Cuando, al final de la jornada, regresaron a casa, Joseph se sentía agotado. Su cuerpo temblaba de dolor tras todo un día de trabajo, y estaba asqueroso de polvo y mugre, pero era feliz. Miraba hacia el futuro y solo veía misterio brillando más allá del horizonte.
Su euforia no duraría mucho. Cuando abrió la puerta de casa, encontró a Jette sentada en la mesa, con la cabeza entre las manos. Alzó la vista al verlos entrar y dijo:
—Ha sucedido algo terrible.
A pesar de la aparente indiferencia del público ante la actuación de Lomax la noche anterior, sus hermosas melodías habían asediado un corazón imprevisto.
Polk, el anciano camarero, había escuchado la música y una fuerte melancolía se adueñó de él. Desde que su corazón fuera alcanzado por una inesperada flecha de Cupido el día que Frederick partió hacia la guerra, su devoción por Jette no había decaído. En los meses que siguieron, se había mantenido más o menos en un estado de borrachera permanente. Con suficiente whisky, en su interior podía alcanzar un equilibrio sedado, al menos de un modo temporal.
Pero la precaria existencia de Polk se vio terriblemente desencajada por los dulces sonidos que salían de la corneta de Lomax. Escuchó arrobado la verdad y la belleza que contenían aquellas notas tristes. La música se enroscó alrededor de su atribulado corazón, asfixiando toda esperanza. Solo cuando cayó al suelo, entrada la noche, por fin fue capaz de escapar a su embrujo.
Cuando Polk se despertó en el callejón de detrás del Nick-Nack, unas horas más tarde, abrió los ojos y contempló las estrellas. Dentro, el bar estaba en silencio. Se puso en pie con dificultad.
El amor desesperado que Polk sentía por mi abuela lo había sumido en cierto estado de gracia, pero ya no. Sus sentimientos habían sido traicionados por la pureza de la música de Lomax, expuestos a lo que realmente eran: mezquinos, de segunda categoría, y condenados por su propia timidez. Recorrió triste las calles desiertas de la ciudad.
Antes incluso de que la corneta de Lomax lo rasgara en dos, Polk se había tambaleado al borde de la desesperación ante la idea de que el bar cerrara sus puertas. Se acabaría la exquisita cercanía a Jette, y no tendría más licor para suavizar su crucifixión de todas las noches. Durante los últimos meses, Polk había estado sisando botellas de detrás de la barra y escondiéndolas bajo su cama, pero sabía que de ese modo solo conseguiría retrasar lo inevitable. Un futuro sin alcohol y sin Jette Meisenheimer lo aguardaba, y no sabía cómo iba a sobrevivir.
El viejo camarero escuchó el tranquilo discurrir del río cerca, y se giró hacia él.

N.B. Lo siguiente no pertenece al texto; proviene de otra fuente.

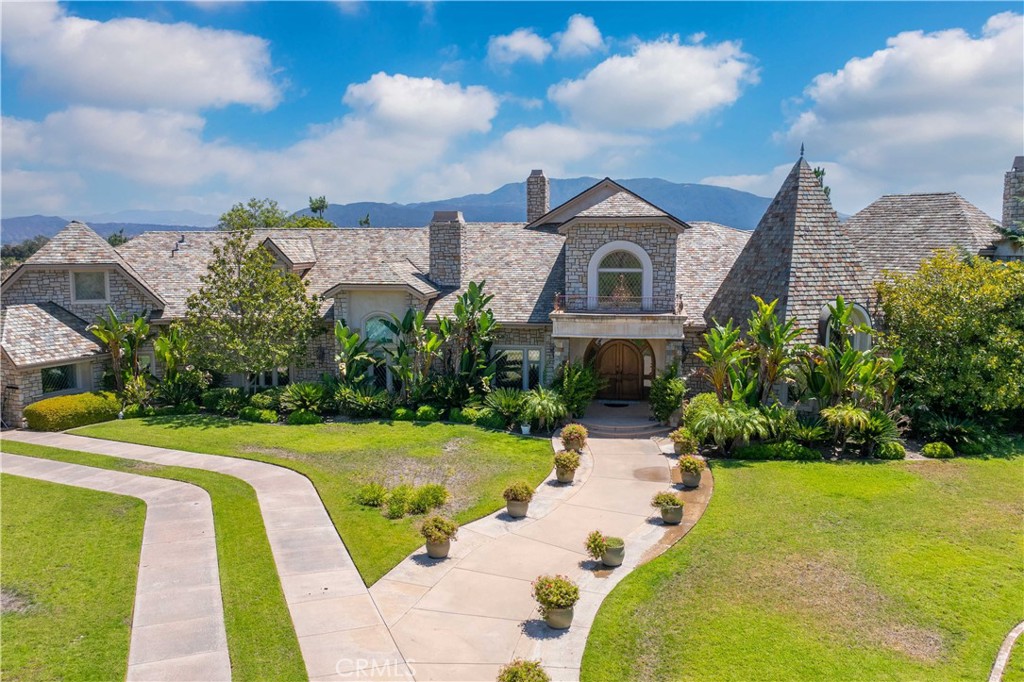 43744 Calle De Velardo Temecula, CA 92592 - Photo 52 of 60 a front view of a house with a yard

Caminó hasta el final del embarcadero y contempló la oscuridad de la noche. «Qué vergüenza», susurraban las aguas bajo sus pies, «qué vergüenza». Con un suspiro, Polk dio un paso más y dejó que su cuerpo cayera al encuentro de las aguas. Apenas se formó una onda cuando el río se cerró sobre la cabeza del viejo, arrastrándolo hacia la oscuridad.
Fue otra partida, una despedida más.
Encontraron a Polk río abajo, no muy lejos. Su cuerpo, cansado y desaliñado, había sido arrastrado a un banco de limo. Con la gorra en la mano, un sombrío Walford Scott transmitió en persona la noticia a mi abuela.

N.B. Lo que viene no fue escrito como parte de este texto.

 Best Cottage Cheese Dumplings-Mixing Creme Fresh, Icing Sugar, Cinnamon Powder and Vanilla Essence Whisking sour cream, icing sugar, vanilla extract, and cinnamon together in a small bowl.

Jette sentía mucha simpatía por el viejo camarero. Se sentó en la mesa de la cocina y lloró por él. El jefe Scott no sabía si Polk había saltado o se había caído al río; las pruebas no eran concluyentes.
Aún así, ninguna de las múltiples conjeturas infructuosas conseguiría devolvernos a Polk. El Nick-Nack había desaparecido, y con él su tambaleante talismán.